There are two things that bother me about this. First, we don’t do this with cucumbers. Cucumbers are also a fruit. Or butternut squash. That’s also a fruit. Or peppers. Fruit. We only do this “I’m a smart skeptic look how smart I am” thing with tomatoes. Why? Perhaps because of all the “vegetables” that are “fruit,” tomatoes are the most fruit-esque, more near the vegetable-fruit line, more positioned, as it were, to challenge the common knowledge. Or, maybe the “knowledgeable” who like to make fun of the villagers by pointing out that this vegetable is a fruit don’t know that a lufa sponge is also a fruit. Personally, I think it is because tomatoes are red, and so are a LOT of fruits. (Most of which are inedible, it seems, but that’s another story.)

So, the first thing that bothers me is that it isn’t taken far enough. The second thing that bothers me is that it is taken too far. Tomatoes are not fruit, they are vegetables, as are summer and winter squash, carrots, lettuce, and onions. Why? Because that is what we call them in English. Oh, the scientists? They have a different set of terms for these things. In fact, scientists have a huge big pile of terms related to plants…Achene, Laevigate, Inframedial, Staminode, and Spinescent to name a few…and among those terms there are two that look a lot like common English words and that have overlapping definitions: Fruit and flower.
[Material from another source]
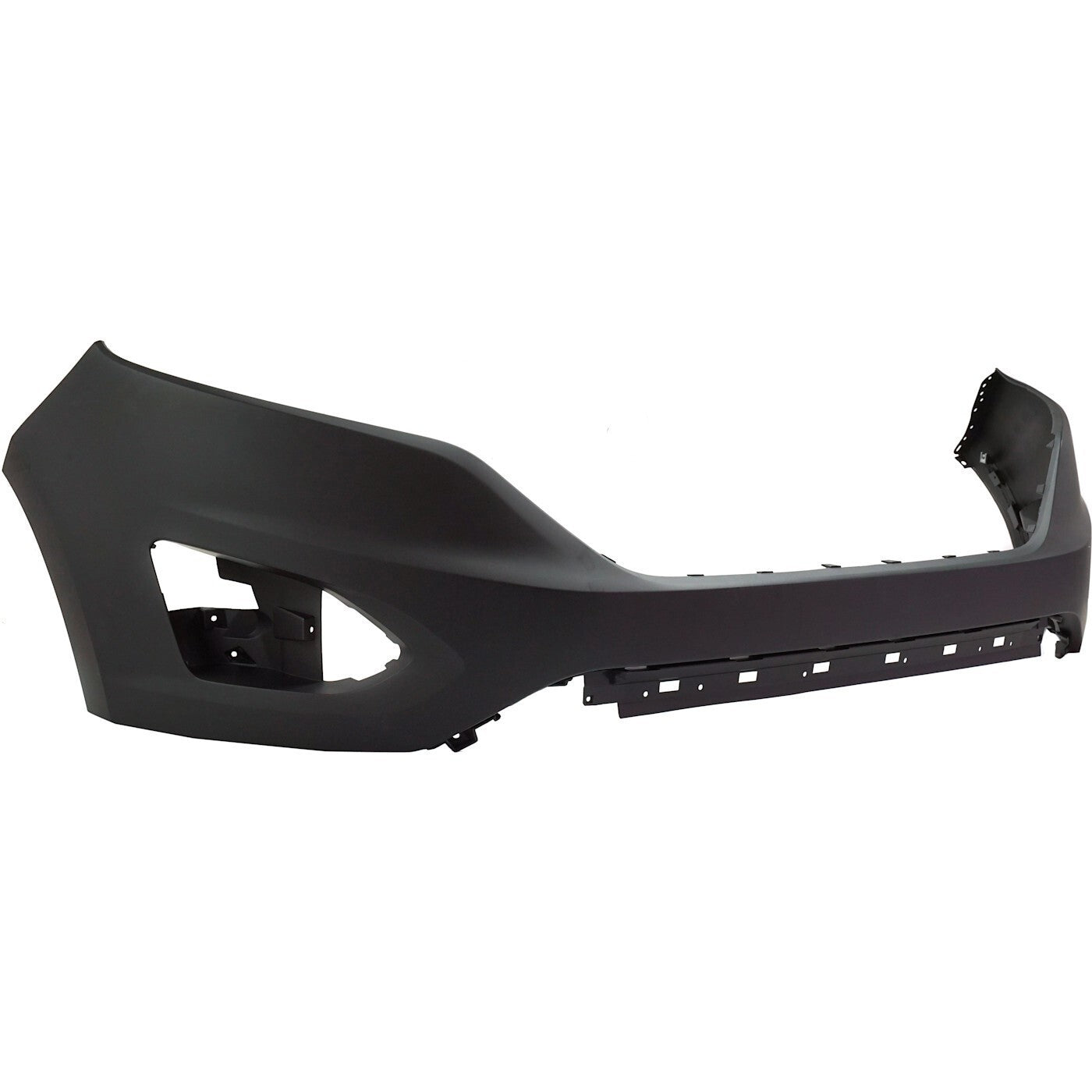 Bumper Cover Fascia Rear Upper for Ford Edge 2015-2018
Just as the word “fruit” in English does not overlap with the scientific term “fruit,” the English word “flower” does not overlap with the scientific term. You do know, for instance, that those showy red flowery things on Poinsettias are not flowers. Those are just red leaves. Yet, they are flowers. When you visit Grandma at Christmas time and she’s got a big Poinsettia sitting there on the side table, you don’t say “Oh my, Grandmother, what large and pretty leaves you have there!”

So, the second thing that bothers me is this: The “fact” that tomatoes are “fruit” is not true. In English, they are vegetables. They are in the vegetable section, separate from the fruit, in the store. We treat them as vegetables. They taste like vegetables. There is no fruit in a BLT. Oh, sure, in Science Tomatoes are “fruit” … I know this because I wrote my PhD thesis in Science on Fruit so I’m a total expert on the subject. But I also wrote my PhD thesis in Anthropology of human-plant interactions. And I noticed that while the scientific lexicon and the natural language lexicon often overlap, they are not the same. I’m not big on “separate magisteria” because that’s a bunch of crap. But if we see the world as having One True Terminology, then we see the world without its culture. That would be wrong, boring, and close minded.
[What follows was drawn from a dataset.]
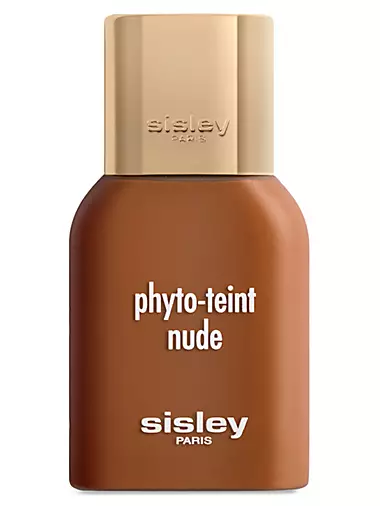 Тональный крем Phyto-Teint Nude, увлажняющий, натуральный финиш, 30 мл Sisley-Paris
So, this is the thing: Science can’t communicate by standing on a box and shouting out its rules and insisting that variance between science and culture is indicative of culture being wrong. Tomatoes are not fruit, and the word “theory” means an idea that is weak. In English. Scientists and science boosters can insist as hard as they want that everyone who believes these things are wrong, and if they insist hard enough, in intro science classes an on the Intertubes, then everyone will eventually get it and use proper botanical terms and make correct reference to The Scientific Method when talking about their’ boyfriend’s chance of getting a job at the Target. Not.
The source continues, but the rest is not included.